[Brief descriptive captions]
_ _ _
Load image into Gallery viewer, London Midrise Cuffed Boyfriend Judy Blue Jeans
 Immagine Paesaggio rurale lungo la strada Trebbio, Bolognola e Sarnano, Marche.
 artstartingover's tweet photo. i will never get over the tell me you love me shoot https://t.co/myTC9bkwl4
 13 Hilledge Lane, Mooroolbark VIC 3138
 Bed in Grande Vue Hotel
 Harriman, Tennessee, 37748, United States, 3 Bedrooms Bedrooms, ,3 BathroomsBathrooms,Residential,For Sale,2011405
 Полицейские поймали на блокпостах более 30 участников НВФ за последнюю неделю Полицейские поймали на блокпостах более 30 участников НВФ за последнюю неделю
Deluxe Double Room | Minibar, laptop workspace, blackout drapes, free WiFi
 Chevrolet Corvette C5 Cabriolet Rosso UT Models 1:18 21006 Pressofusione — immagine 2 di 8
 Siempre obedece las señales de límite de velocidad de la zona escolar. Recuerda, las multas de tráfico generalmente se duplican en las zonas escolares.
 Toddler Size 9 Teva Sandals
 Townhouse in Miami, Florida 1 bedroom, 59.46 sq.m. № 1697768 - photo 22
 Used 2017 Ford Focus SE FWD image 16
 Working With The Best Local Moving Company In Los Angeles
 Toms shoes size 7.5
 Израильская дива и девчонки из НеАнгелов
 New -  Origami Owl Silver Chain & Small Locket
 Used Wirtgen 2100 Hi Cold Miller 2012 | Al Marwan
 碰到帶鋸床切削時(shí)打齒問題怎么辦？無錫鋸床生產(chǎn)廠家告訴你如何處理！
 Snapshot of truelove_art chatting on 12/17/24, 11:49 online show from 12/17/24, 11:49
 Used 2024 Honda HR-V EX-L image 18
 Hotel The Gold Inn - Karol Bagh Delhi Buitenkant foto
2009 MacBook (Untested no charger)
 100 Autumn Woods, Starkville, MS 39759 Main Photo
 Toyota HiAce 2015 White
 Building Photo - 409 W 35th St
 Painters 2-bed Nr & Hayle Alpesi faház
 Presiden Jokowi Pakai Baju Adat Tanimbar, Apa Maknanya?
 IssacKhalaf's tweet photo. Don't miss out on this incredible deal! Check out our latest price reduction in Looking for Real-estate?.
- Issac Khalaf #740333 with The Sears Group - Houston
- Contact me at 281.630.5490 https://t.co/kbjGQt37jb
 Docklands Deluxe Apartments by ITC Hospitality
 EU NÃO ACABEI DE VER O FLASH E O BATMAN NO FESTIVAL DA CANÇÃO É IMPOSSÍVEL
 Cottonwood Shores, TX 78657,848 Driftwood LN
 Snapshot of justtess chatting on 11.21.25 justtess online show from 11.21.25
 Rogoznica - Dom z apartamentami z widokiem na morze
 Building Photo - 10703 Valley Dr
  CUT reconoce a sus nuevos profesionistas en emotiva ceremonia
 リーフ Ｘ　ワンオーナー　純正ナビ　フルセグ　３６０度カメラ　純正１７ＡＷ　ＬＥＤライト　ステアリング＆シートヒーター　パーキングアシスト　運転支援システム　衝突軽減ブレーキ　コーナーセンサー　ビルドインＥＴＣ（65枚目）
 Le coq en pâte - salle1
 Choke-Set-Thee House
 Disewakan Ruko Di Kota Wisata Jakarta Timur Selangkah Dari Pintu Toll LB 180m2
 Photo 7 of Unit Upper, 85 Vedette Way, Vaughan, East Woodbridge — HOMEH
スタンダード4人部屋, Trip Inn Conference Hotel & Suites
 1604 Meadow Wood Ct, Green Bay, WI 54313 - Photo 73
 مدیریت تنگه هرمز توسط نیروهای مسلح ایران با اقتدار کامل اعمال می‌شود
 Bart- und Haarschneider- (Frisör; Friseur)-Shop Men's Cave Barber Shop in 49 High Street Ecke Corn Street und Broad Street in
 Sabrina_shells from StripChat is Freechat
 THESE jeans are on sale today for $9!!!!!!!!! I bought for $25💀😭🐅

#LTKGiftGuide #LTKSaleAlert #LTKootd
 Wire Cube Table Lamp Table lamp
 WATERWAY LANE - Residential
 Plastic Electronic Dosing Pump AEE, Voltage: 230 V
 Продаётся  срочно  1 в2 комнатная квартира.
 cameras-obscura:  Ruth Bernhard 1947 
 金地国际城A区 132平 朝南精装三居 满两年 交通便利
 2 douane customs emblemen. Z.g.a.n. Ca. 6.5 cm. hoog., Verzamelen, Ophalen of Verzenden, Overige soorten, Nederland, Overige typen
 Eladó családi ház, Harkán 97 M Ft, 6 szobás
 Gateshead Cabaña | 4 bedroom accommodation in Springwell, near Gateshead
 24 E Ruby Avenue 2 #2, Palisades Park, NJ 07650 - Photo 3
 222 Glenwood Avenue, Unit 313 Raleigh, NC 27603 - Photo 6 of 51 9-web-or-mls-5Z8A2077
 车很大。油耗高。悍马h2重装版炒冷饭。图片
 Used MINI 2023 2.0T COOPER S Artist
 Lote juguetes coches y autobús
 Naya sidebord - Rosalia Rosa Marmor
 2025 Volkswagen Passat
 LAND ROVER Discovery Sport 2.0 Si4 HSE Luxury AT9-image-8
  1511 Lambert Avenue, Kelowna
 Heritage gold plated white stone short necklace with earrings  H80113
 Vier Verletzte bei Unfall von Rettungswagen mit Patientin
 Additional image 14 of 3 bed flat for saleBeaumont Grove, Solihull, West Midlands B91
_ _ _
> [AIM OF THE EXERCISE]:
Word for word, every record must be given again.

> [FINISHED TASK]:
Load image into Gallery viewer, London Midrise Cuffed Boyfriend Judy Blue Jeans
 Immagine Paesaggio rurale lungo la strada Trebbio, Bolognola e Sarnano, Marche.
 artstartingover's tweet photo. i will never get over the tell me you love me shoot https://t.co/myTC9bkwl4
 13 Hilledge Lane, Mooroolbark VIC 3138
 Bed in Grande Vue Hotel
 Harriman, Tennessee, 37748, United States, 3 Bedrooms Bedrooms, ,3 BathroomsBathrooms,Residential,For Sale,2011405
 Полицейские поймали на блокпостах более 30 участников НВФ за последнюю неделю Полицейские поймали на блокпостах более 30 участников НВФ за последнюю неделю
Deluxe Double Room | Minibar, laptop workspace, blackout drapes, free WiFi
 Chevrolet Corvette C5 Cabriolet Rosso UT Models 1:18 21006 Pressofusione — immagine 2 di 8
 Siempre obedece las señales de límite de velocidad de la zona escolar. Recuerda, las multas de tráfico generalmente se duplican en las zonas escolares.
 Toddler Size 9 Teva Sandals
 Townhouse in Miami, Florida 1 bedroom, 59.46 sq.m. № 1697768 - photo 22
 Used 2017 Ford Focus SE FWD image 16
 Working With The Best Local Moving Company In Los Angeles
 Toms shoes size 7.5
 Израильская дива и девчонки из НеАнгелов
 New -  Origami Owl Silver Chain & Small Locket
 Used Wirtgen 2100 Hi Cold Miller 2012 | Al Marwan
 碰到帶鋸床切削時(shí)打齒問題怎么辦？無錫鋸床生產(chǎn)廠家告訴你如何處理！
 Snapshot of truelove_art chatting on 12/17/24, 11:49 online show from 12/17/24, 11:49
 Used 2024 Honda HR-V EX-L image 18
 Hotel The Gold Inn - Karol Bagh Delhi Buitenkant foto
2009 MacBook (Untested no charger)
 100 Autumn Woods, Starkville, MS 39759 Main Photo
 Toyota HiAce 2015 White
 Building Photo - 409 W 35th St
 Painters 2-bed Nr & Hayle Alpesi faház
 Presiden Jokowi Pakai Baju Adat Tanimbar, Apa Maknanya?
 IssacKhalaf's tweet photo. Don't miss out on this incredible deal! Check out our latest price reduction in Looking for Real-estate?.
- Issac Khalaf #740333 with The Sears Group - Houston
- Contact me at 281.630.5490 https://t.co/kbjGQt37jb
 Docklands Deluxe Apartments by ITC Hospitality
 EU NÃO ACABEI DE VER O FLASH E O BATMAN NO FESTIVAL DA CANÇÃO É IMPOSSÍVEL
 Cottonwood Shores, TX 78657,848 Driftwood LN
 Snapshot of justtess chatting on 11.21.25 justtess online show from 11.21.25
 Rogoznica - Dom z apartamentami z widokiem na morze
 Building Photo - 10703 Valley Dr
  CUT reconoce a sus nuevos profesionistas en emotiva ceremonia
 リーフ Ｘ　ワンオーナー　純正ナビ　フルセグ　３６０度カメラ　純正１７ＡＷ　ＬＥＤライト　ステアリング＆シートヒーター　パーキングアシスト　運転支援システム　衝突軽減ブレーキ　コーナーセンサー　ビルドインＥＴＣ（65枚目）
 Le coq en pâte - salle1
 Choke-Set-Thee House
 Disewakan Ruko Di Kota Wisata Jakarta Timur Selangkah Dari Pintu Toll LB 180m2
 Photo 7 of Unit Upper, 85 Vedette Way, Vaughan, East Woodbridge — HOMEH
スタンダード4人部屋, Trip Inn Conference Hotel & Suites
 1604 Meadow Wood Ct, Green Bay, WI 54313 - Photo 73
 مدیریت تنگه هرمز توسط نیروهای مسلح ایران با اقتدار کامل اعمال می‌شود
 Bart- und Haarschneider- (Frisör; Friseur)-Shop Men's Cave Barber Shop in 49 High Street Ecke Corn Street und Broad Street in
 Sabrina_shells from StripChat is Freechat
 THESE jeans are on sale today for $9!!!!!!!!! I bought for $25💀😭🐅

#LTKGiftGuide #LTKSaleAlert #LTKootd
 Wire Cube Table Lamp Table lamp
 WATERWAY LANE - Residential
 Plastic Electronic Dosing Pump AEE, Voltage: 230 V
 Продаётся  срочно  1 в2 комнатная квартира.
 cameras-obscura:  Ruth Bernhard 1947 
 金地国际城A区 132平 朝南精装三居 满两年 交通便利
 2 douane customs emblemen. Z.g.a.n. Ca. 6.5 cm. hoog., Verzamelen, Ophalen of Verzenden, Overige soorten, Nederland, Overige typen
 Eladó családi ház, Harkán 97 M Ft, 6 szobás
 Gateshead Cabaña | 4 bedroom accommodation in Springwell, near Gateshead
 24 E Ruby Avenue 2 #2, Palisades Park, NJ 07650 - Photo 3
 222 Glenwood Avenue, Unit 313 Raleigh, NC 27603 - Photo 6 of 51 9-web-or-mls-5Z8A2077
 车很大。油耗高。悍马h2重装版炒冷饭。图片
 Used MINI 2023 2.0T COOPER S Artist
 Lote juguetes coches y autobús
 Naya sidebord - Rosalia Rosa Marmor
 2025 Volkswagen Passat
 LAND ROVER Discovery Sport 2.0 Si4 HSE Luxury AT9-image-8
  1511 Lambert Avenue, Kelowna
 Heritage gold plated white stone short necklace with earrings  H80113
 Vier Verletzte bei Unfall von Rettungswagen mit Patientin
 Additional image 14 of 3 bed flat for saleBeaumont Grove, Solihull, West Midlands B91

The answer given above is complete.